Soon-to-be regulated Portugal has advocated taxation on turnover, ranging from 8-16%. This is not ideal due to the way sportsbooks operate, given that users with relative modest sums in an account can turnover a much more considerable amount.
For example, a user can have 100 euros in their betting account and place many bets that are resulted and settled and turnover 500 euros. If you are taxing 8% on 500 euros, this user would incur a bill of 40 euros on an initial deposit of 100 euros. That is 40% regardless of whether they win or lose.
A well-traded sportsbook would be performing well at a margin of 10% inrunning. The operator working under the proposed Portuguese law would have no choice but to increase margins for these markets. This is not a new phenomenon – operators such as bwin have released different prices for the dot.fr and dot.it markets for a number of years. For small to mediumsized operators, having systems available with flexibility and scalability is vital.

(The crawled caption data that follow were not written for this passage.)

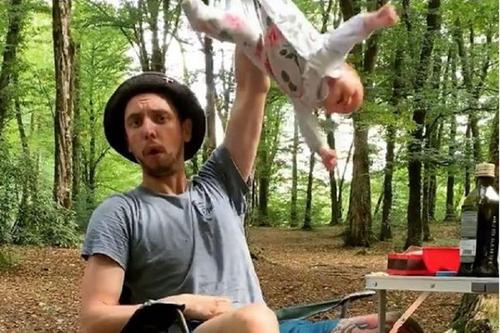 Полиция нашла мужчину, который размахивал младенцем, держа его за ножку 
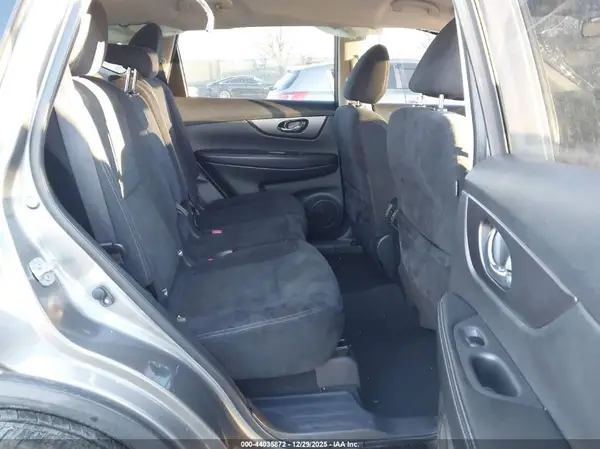 JN8AT2MV6GW135105 2016 NISSAN ROGUE - Image 8
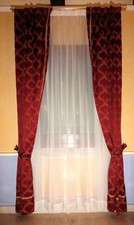 Tendaggi_Tre copritende Rubelli in broccato rosso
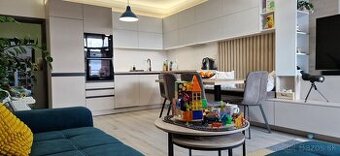 Plne zariadený 3-izbovy byt v Europalace - 1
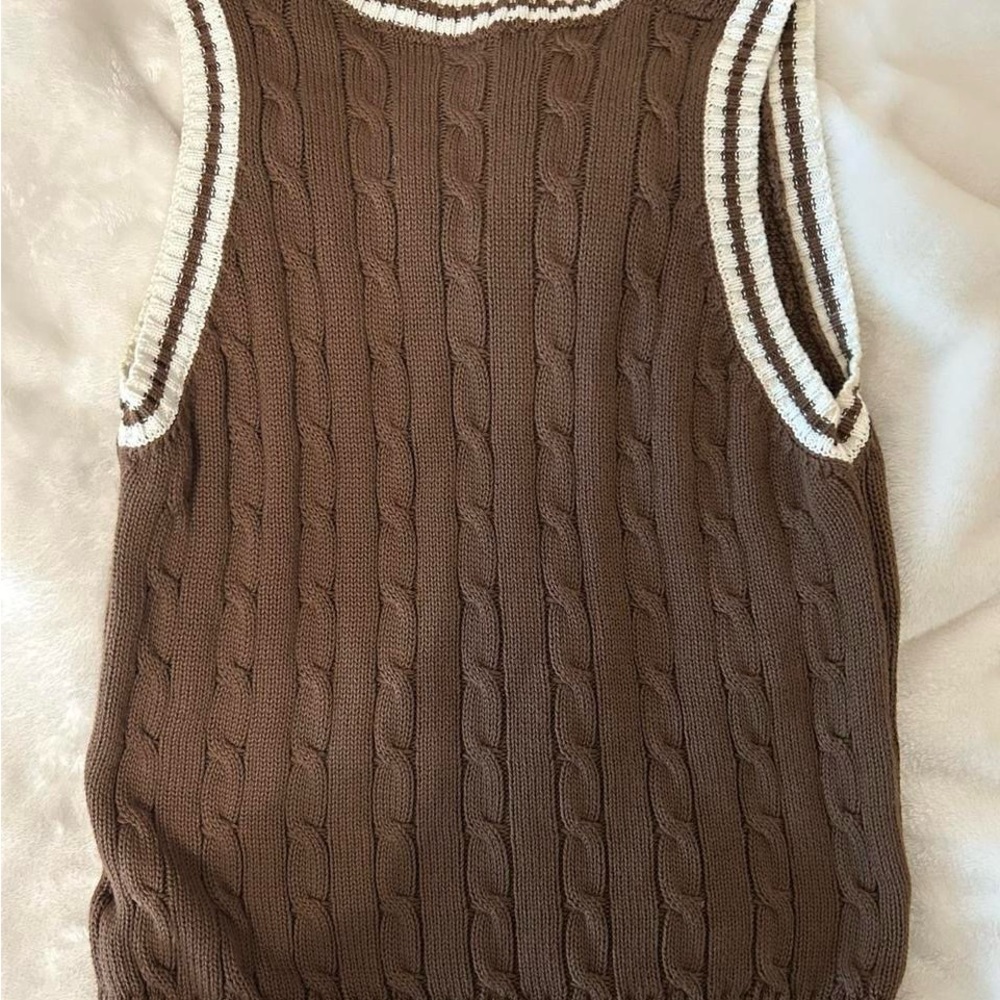 Brandy Melville Brown Knit Vest with Cream Trim - Picture 3 of 4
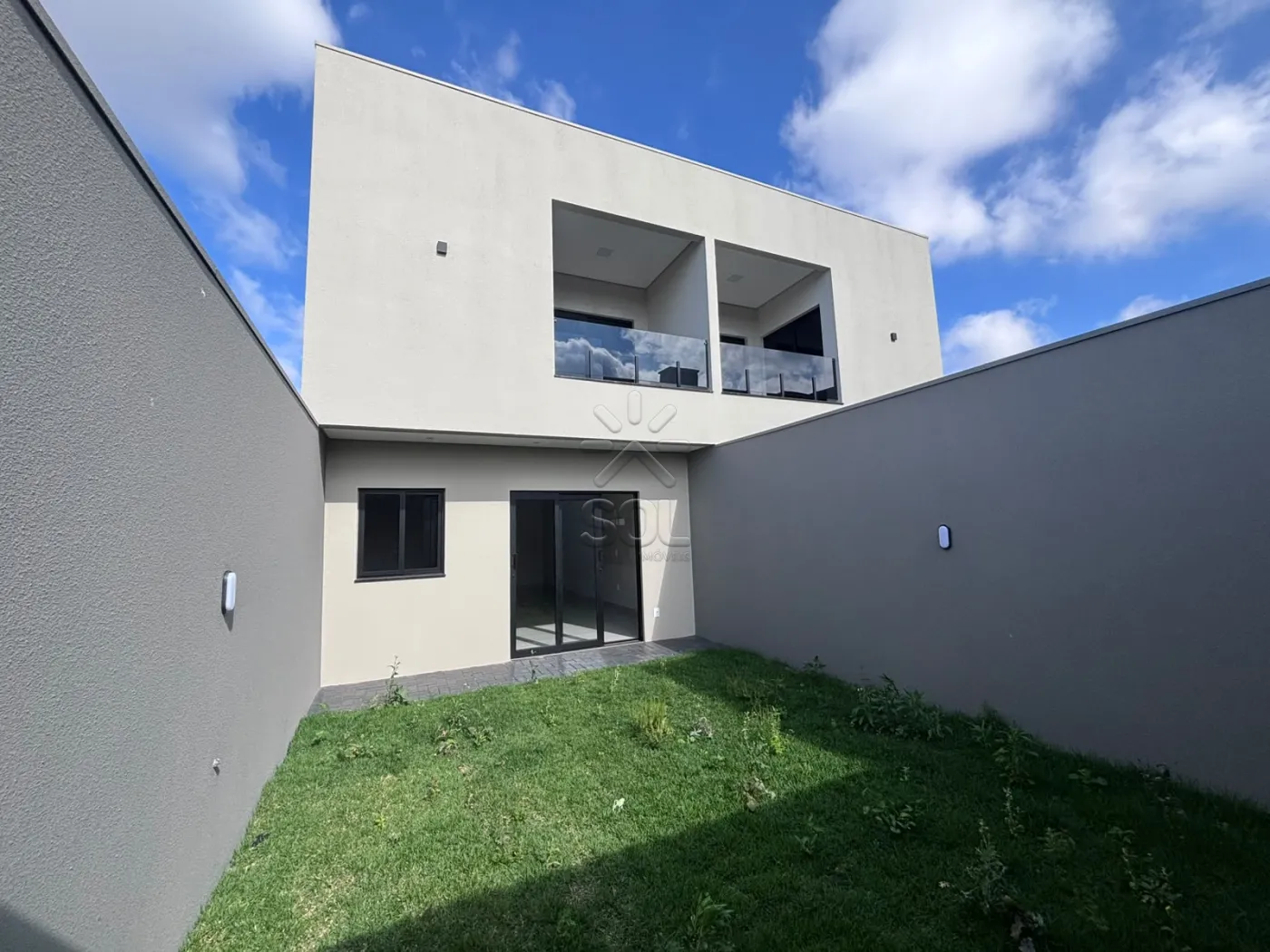 Sobrado novo à venda no Bairro Belo Horizonte - Medianeira/PR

Greece is a very unique betting market, with licensing largely closed to new entrants. However, an operator can work under someone else’s licence, as bet365 has done and attracted the largest share of the market. Changes to the regulations in Greece to bring them more in-line with other European countries have been touted for some time, but nothing has actively changed, with the Greek government currently focused on more pressing economic matters.
Spain, Italy, UK, Portugal and Greece are harsh and varied examples of how the landscape for operators and suppliers has changed in recent years. Many have understandably shifted attention away from regulated markets to focus on those yet-to-regulate and grey markets. Although a financial burden and a technical challenge, this environment can be seen as a spur for suppliers to increase the quality of their products and services in the long term.
The value of regulation
For companies that are listed on the stock market, have aspirations for an IPO, or looking at a future trade sale, all know that investors look at revenues and clients from regulated markets. These are deemed more stable and transparent. This is reflected in the prospectuses and financial reports of all the publicly listed gambling companies, with all highlighting the percentage of revenues and clients coming from regulated jurisdictions and market strategies.
Many in the industry point to Denmark as an example of regulation done right. As with most regulation, processes will be altered and adjusted every year, with nothing set in stone. In Europe at least, an all encompassing gambling regulation for the EU states would be sensible and appropriate, but unfortunately too cumbersome to advocate.
Regulation is therefore a permanent fixture for gambling operators and suppliers, and this will only advance further in the next few years. Any sports betting operator worth their salt will consider and plan for this in terms of building its technology and choosing the appropriate suppliers to equip them to grow to newly regulated markets.